Autonomy Comes At Too High A Cost

I originally posted this in a comment, but then I remembered that it’s Wednesday and I’m (nominally) the Wednesday guest poster here, sooooo:

I got an email from the chancellor of UW-Madison yesterday, as I’m an employee of the university. You may remember that former chancellor Biddy Martin was the one advocating for greater autonomy from the state for the UW system, and UW-Madison in particular in the first place, and she actually left in no small part because it hadn’t gone through fast enough for her. Current chancellor Rebecca Blank, however, is less excited about all of this:

The $300 million cut is believed to be the largest in the history of the university. In the past, large cuts have always been mitigated by additional tuition revenue from both resident and nonresident students.

This proposed cut, on top of the reduction in the last state budget, would result in a more than 15 percent decrease in state funds to the university over a four-year period. Fully absorbing these cuts would harm our students and their educational experience.

I appreciate the opportunity for additional flexibility and management efficiencies that a public authority might bring, and would work hard to implement these effectively on our campus. It would be challenging, however, to engage in a major reorganization while also coping with a large budget cut.
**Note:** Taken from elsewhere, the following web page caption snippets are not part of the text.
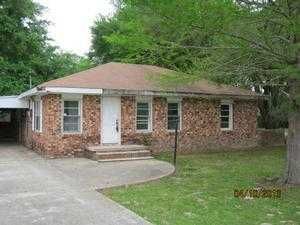 5111 Hillcrest Dr, Zachary, LA 70791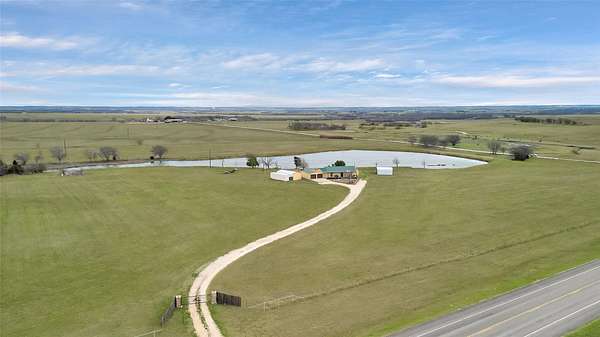 34.1 Acres of Recreational Land with Home for Sale in Hillsboro, Texas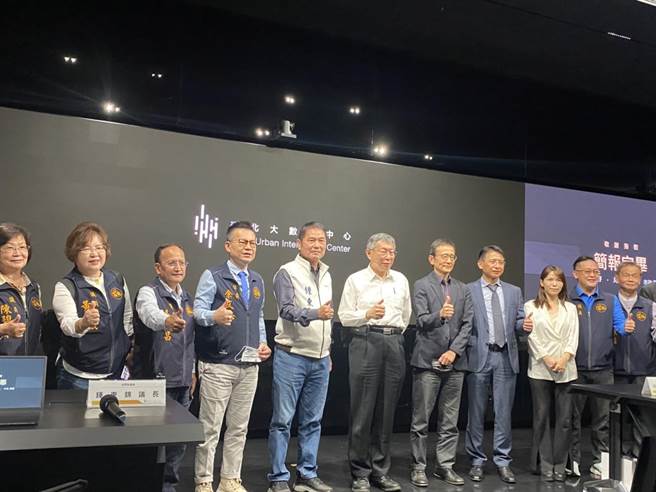 苗栗縣議長鍾東錦20日率領9名縣議員赴台北市政府大數據中心參訪，與柯文哲同台。（鍾東錦競總提供／謝明俊苗栗傳真）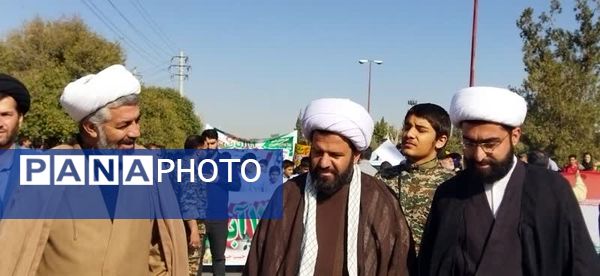 حضور نسل فهمیده ها در راهپیمایی 13 آبان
And Scotty just imposed a two-year tuition freeze, too, because apparently we have a “sizeable surplus”…

4 thoughts on “Autonomy Comes At Too High A Cost

  1. Not to mention that the “autonomy” would not include such things as being able to research “facts” or other well-known tools of liberalism, without the interference of GOP legislators, who know best, really, for the university. The whole stem cell debacle turned out so well.
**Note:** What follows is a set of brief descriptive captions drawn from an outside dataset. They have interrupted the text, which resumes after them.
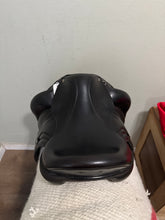 Load image into Gallery viewer, 17.5” Equipe Viktoria Monoflap Dressage Saddle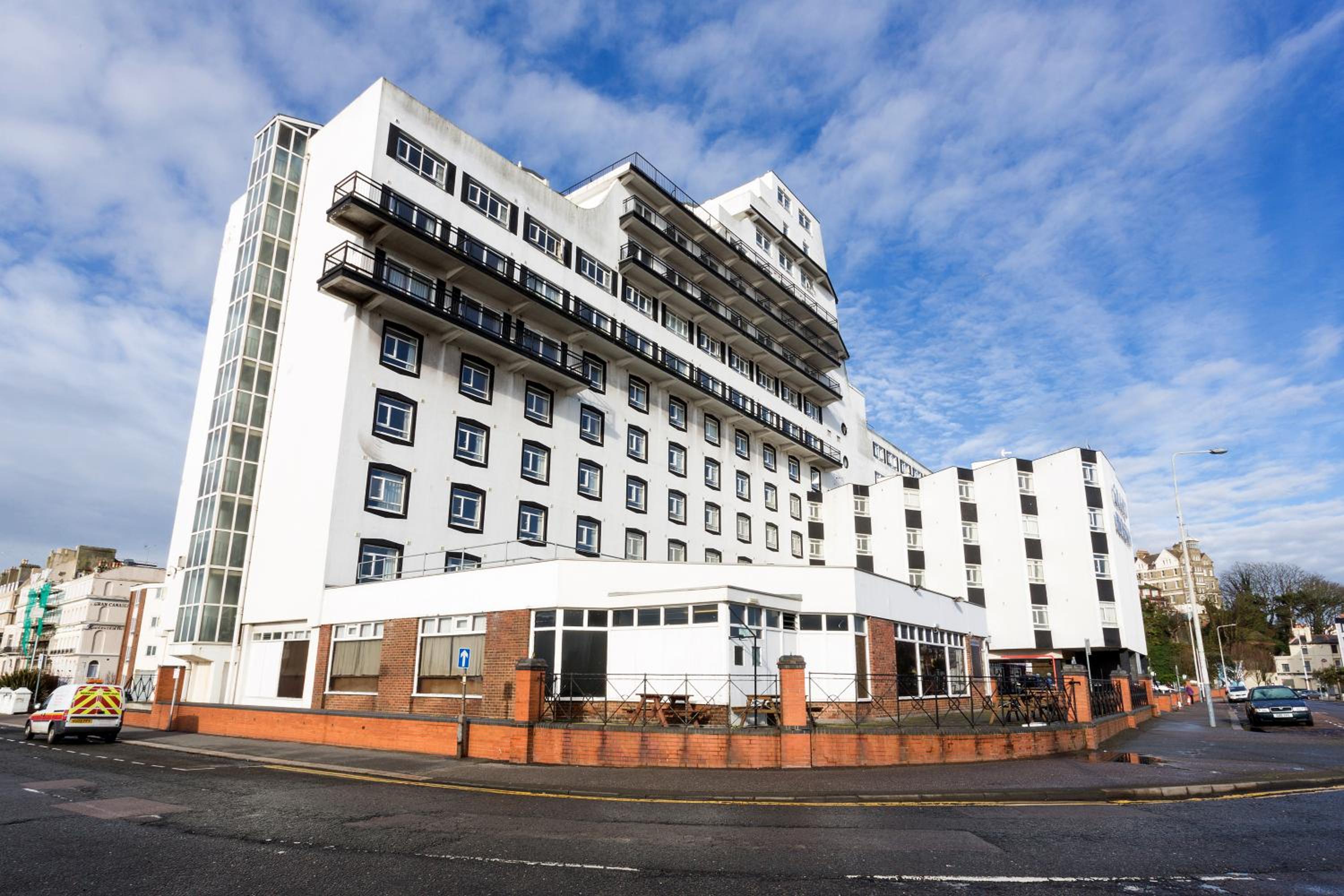 Folkestone Vacations - The Grand Burstin Hotel - Property Image 7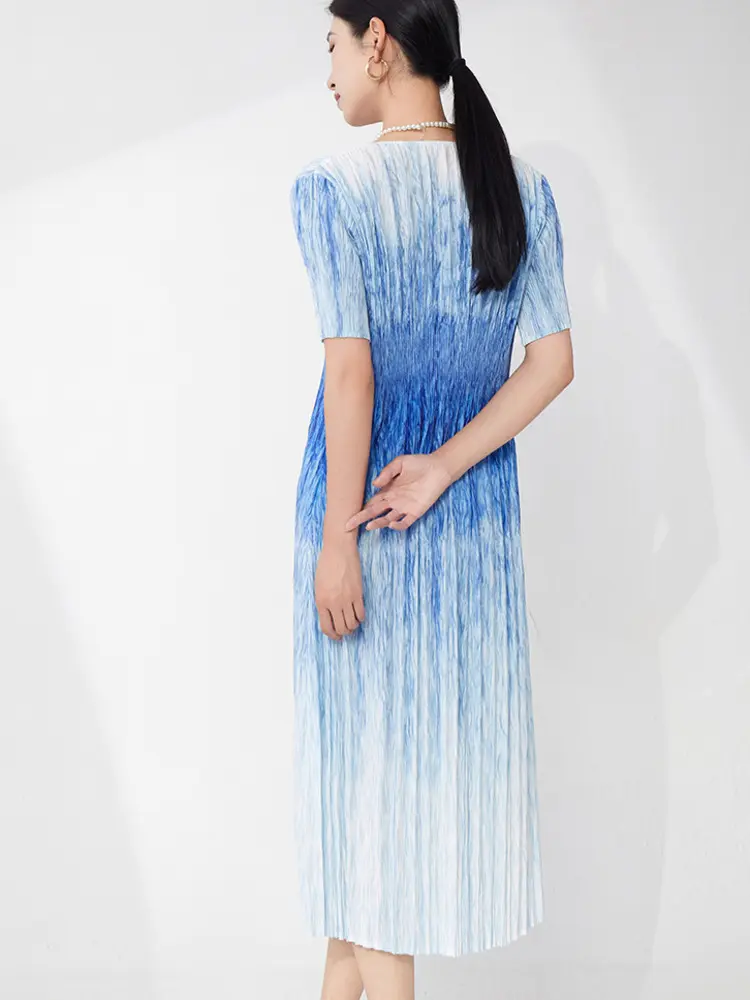 LANMREM Women's High-end Pleated Dress Elastic Slimming Gradient Round Neck Short Sleeved A-line Dresses Elegant Clothes 2DB3502
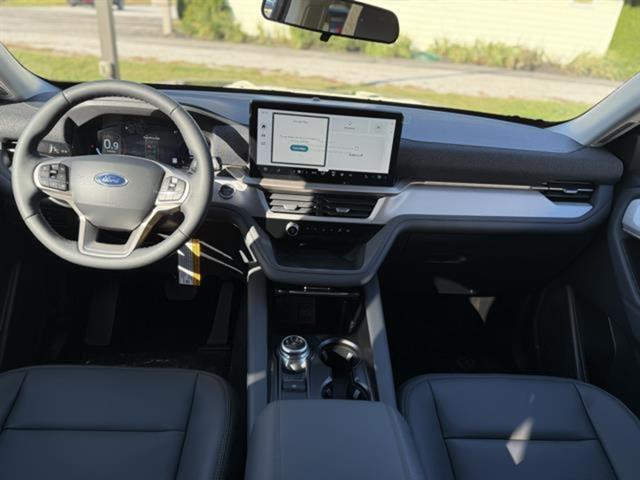 new 2025 Ford Explorer car, priced at $47,220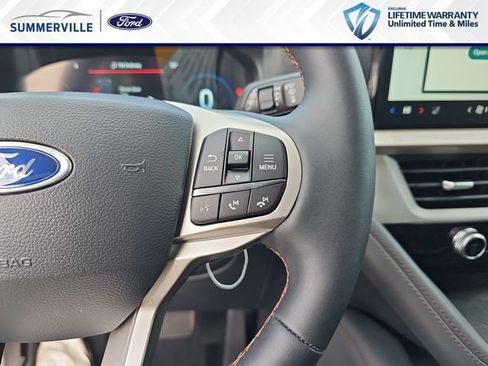 New 2026 Ford Explorer Active RWD image 22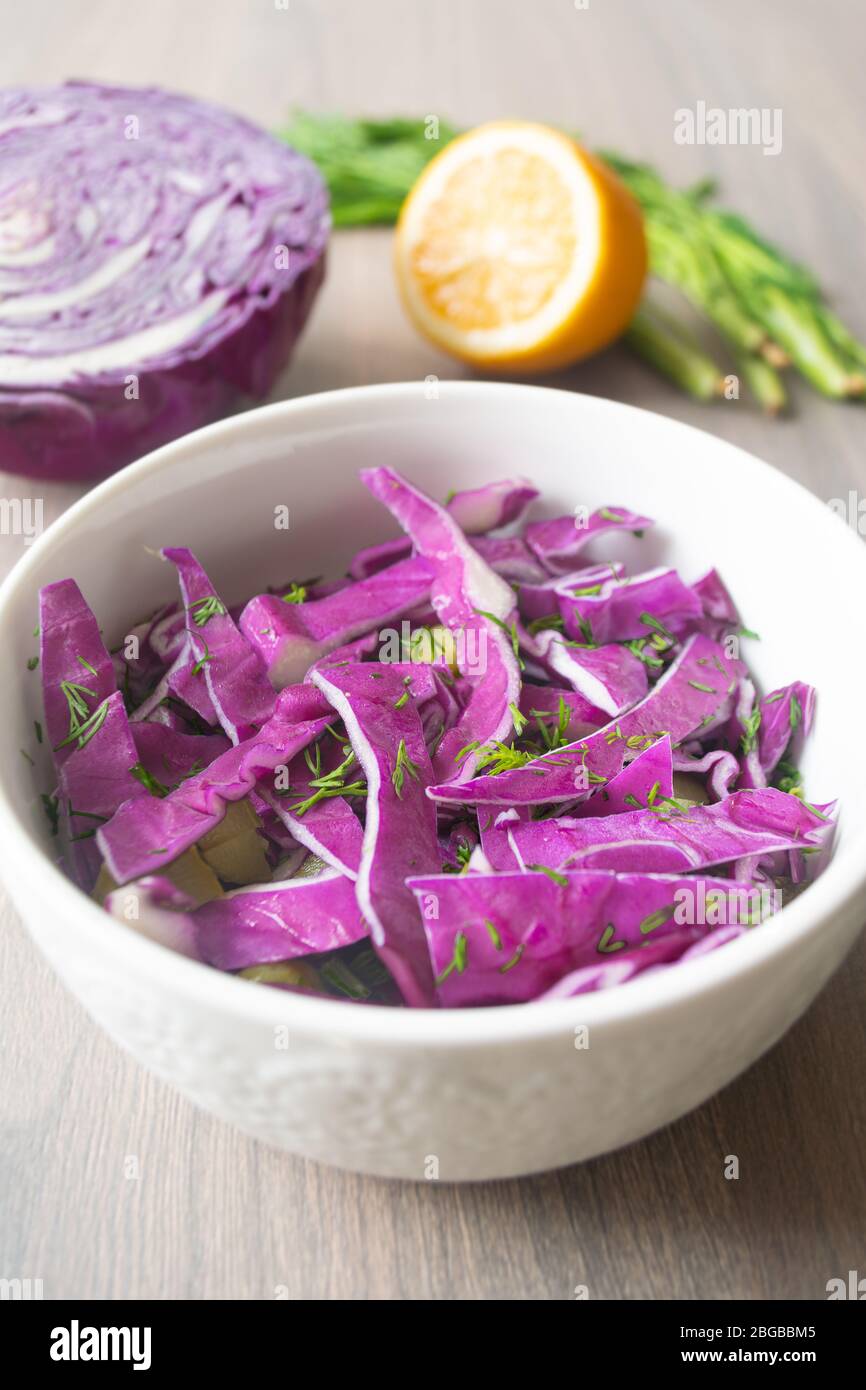 Insalata fresca di cavolo rosso con aneto e succo di limone Foto Stock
  2. Let’s see, tuition freeze, funding cut, no concomitant freeze or reduction in the university system’s operating expenses, and it looks like Gov. Scotty will come out at the beginning of 2016 with his frowniest face and solemnly intone that as much as he hates to do it, it appears that Wisconsin can no longer afford such an extensive and luxurious university system, and as heavy as it weighs on his heart, campuses will have to close, students will have to go elsewhere, and faculty and staff will get their walking papers.

    The business interests will cheer, Walker will get the hagiographic treatment from the conservative media, and Tea Baggers across the country will call him their boy. In about 2019, we will hear from those same business interests that the labor pool in Wisconsin seems to be just too dumb to be hired for some strange reason, and the blame will be apportioned to those goddam socialist teachers unions that are strangling the state.